Boire de l’alcool en Colombie-Britannique : c’est difficile d’accès et très cher

Décalage cuturel

Contrairement à beaucoup de mes amis ou personnes de la famille en France ou à Madagascar, je bois que très occasionnellement de l’alcool.   En effet à Madagascar ou en France les moments de convivialité sont généralement synonymes de verres de rhum, bières, whisky ou autres vins en abondance. Que ce soit au niveau professionnel (pots d’anniversaires ou de départs) ou familial, j’ai toujours évolué dans des environnements où l’alcool était l’élément naturel contribuant à l’harmonie et cohésion du  groupe. 

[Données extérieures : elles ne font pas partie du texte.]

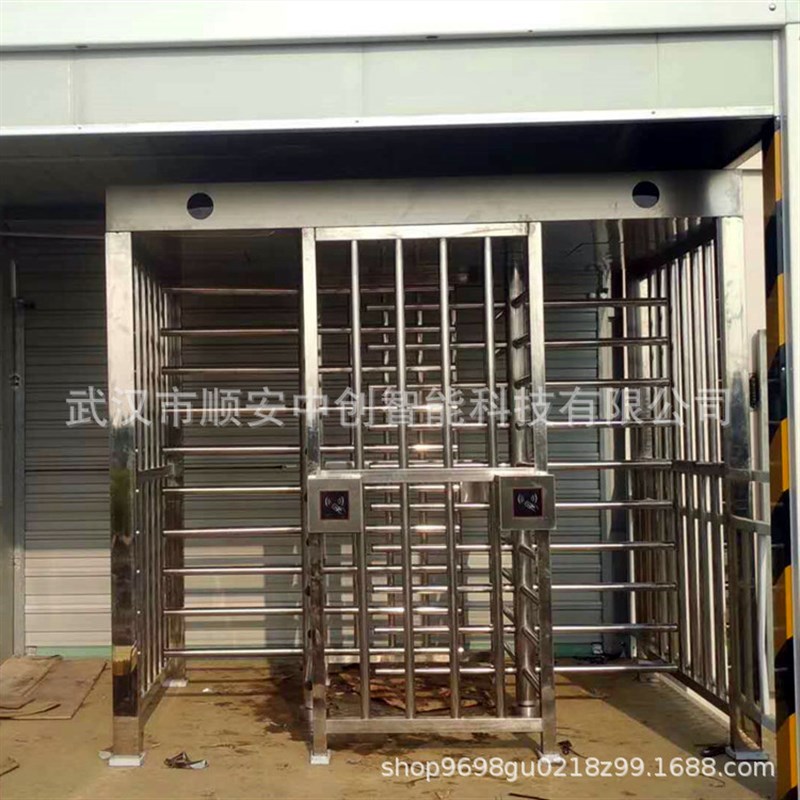 武汉全高闸门禁h管理系统十字转闸人脸识别闸机工人劳务实名制通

En France ou à Madagascar, l’alcool est d’un accès facile. Vous avez accès aux boissons alcoolisées dans n’importe quel commerce (supermarché, épicerie). En principe, il faut être majeur pour pouvoir acheté une boisson alcoolisée, mais bien des commerces ne font pas ce contrôle d’identité.

Loi sévère en Colombie-Britannique

Au Canada, et notamment en Colombie-Britannique, le paysage de l’alcool est autrement différent. Héritage des années de prohibition du siècle dernier, le business de l’alcool reste hautement encadré et cela se ressent dans le quotidien. Même si le gouvernement provincial réfléchi à un assouplissement  de cette réglementation, celle-ci reste toujours  stricte, surtout si vous avez été bien habitué par le libéralisme français ou malgache sur ce sujet.

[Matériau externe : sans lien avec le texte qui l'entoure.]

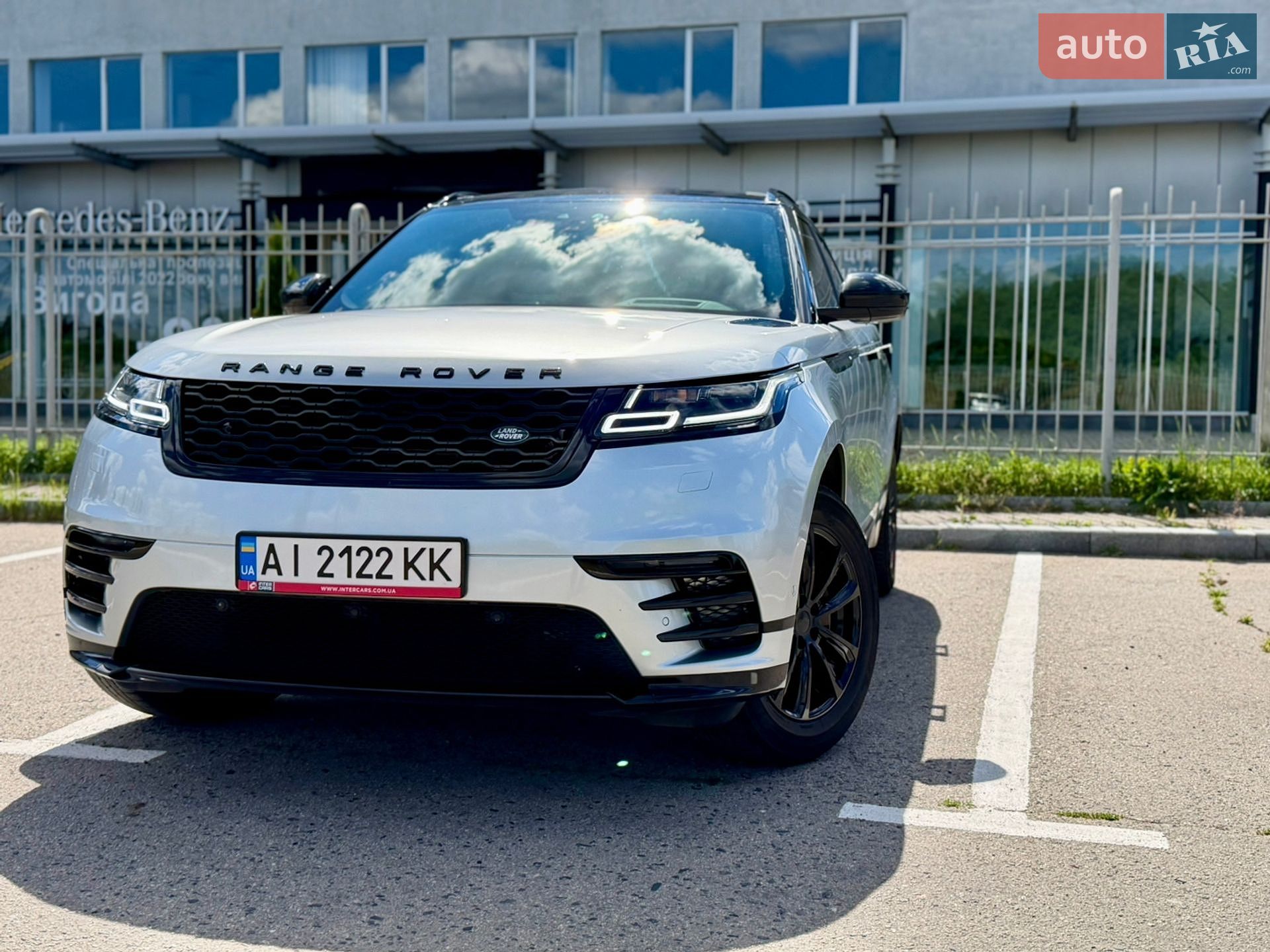 Land Rover Range Rover Velar 2019 VIN SALYK2FX6LA239203 фото оголошення 16 з 40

Lors d’un de mes premiers séjours à Vancouver, j’avais assisté à une fête estivale des Feux d’artifices, une fête annuelle au centre-ville de Vancouver  qui réunit quelques milliers de gens. Il est évident pour les Canadiens que la consommation à l’extérieur de boissons alcoolisées doit rester sobre et discrète sous peine d’ennuis avec les forces de l’ordre. Cela n’est pas évident pour l’étranger qui débarque. Lors de cette fameuse fête, j’ai vu un groupe d’étudiants espagnols visiblement très  (trop !) enthousiastes et sentant une odeur d’alcool. Rapidement, la police canadienne bien musclée était là pour rappeler à nos amis espagnols qu’ils devaient immédiatement vider leurs bouteilles.

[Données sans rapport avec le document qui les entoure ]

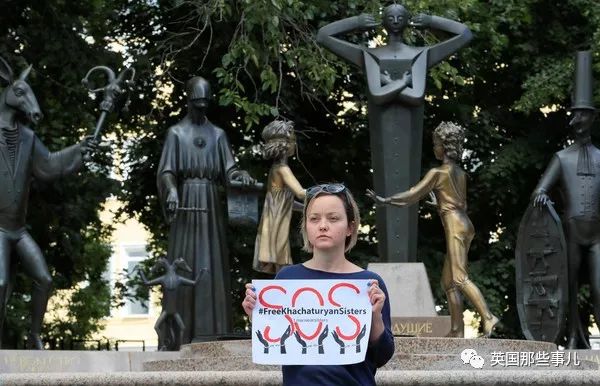 姐妹三人联手杀死残暴鬼父被控谋杀…近30万人求情：她们无罪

Tout récemment, lors d’un déjeuner avec des amis dans un bon restaurant japonais, j’ai commandé un verre de bière, la serveuse me répondit poliment et d’une façon très  étonnée qu’elle n’avait pas la licence pour servir de l’alcool. Eh bé ! ce n’était pas pour moi, mais quand même, on ne rigole pas ! je comprends que certains Anglais sont malheureux en Colombie-Britannique !  Mais croyez moi, manger ses sushis préférés avec un verre de thé vert est devenu  une expérience qui n’enlève rien à la convivialité du moment.

VIn Colombie-Britannique

Je reconnais maintenant les établissements où l’on sert  de l’alcool par les grillages de sécurité mises en place autour des terrasses extérieures de ces lieux. C’est comme si on protégeait ces consommateurs d’alcools contre des menaces extérieurs. Je trouve que tout est un peu fait pour culpabiliser le buveur d’alcool.

A noter que l’âge légal pour consommer est de 19 ans ici, et non pas 18 comme au Québèc ou en France : c’est très strict.  Si le vendeur a un doute sur votre âge, il n’hésitera pas à vous demander une pièce d’identité.

Actuellement c’est BCLiquorstore  et quelques rares autres magasins spécialisés  qui gardent le monopole de la distribution d’alcool. La consommation d’alcool dans les restaurants, bars ou pub n’est possible que si ces établissements sont licenciés, ce qui loin d’être systématique.  Si vous acheté de l’alcool dans ces endroits et que vous avez une apparence juvénile (plus mon cas !), n’oubliez pas votre pièce d’identité.

Cela fait vraiment drôle de vous retrouver dans un endroit qui a toute l’apparence d’un traditionnel Pub anglais, mais où vous ne pouvez consommez que du chocolat chaud ou du thé !!

Pas de publicité d’alcool.

Les affichages publicitaires de marques d’alcool ne sont pas autorisés ici. Vous ne verrez jamais de publicité d’alcools sur des panneaux géants  du style JC Decaux.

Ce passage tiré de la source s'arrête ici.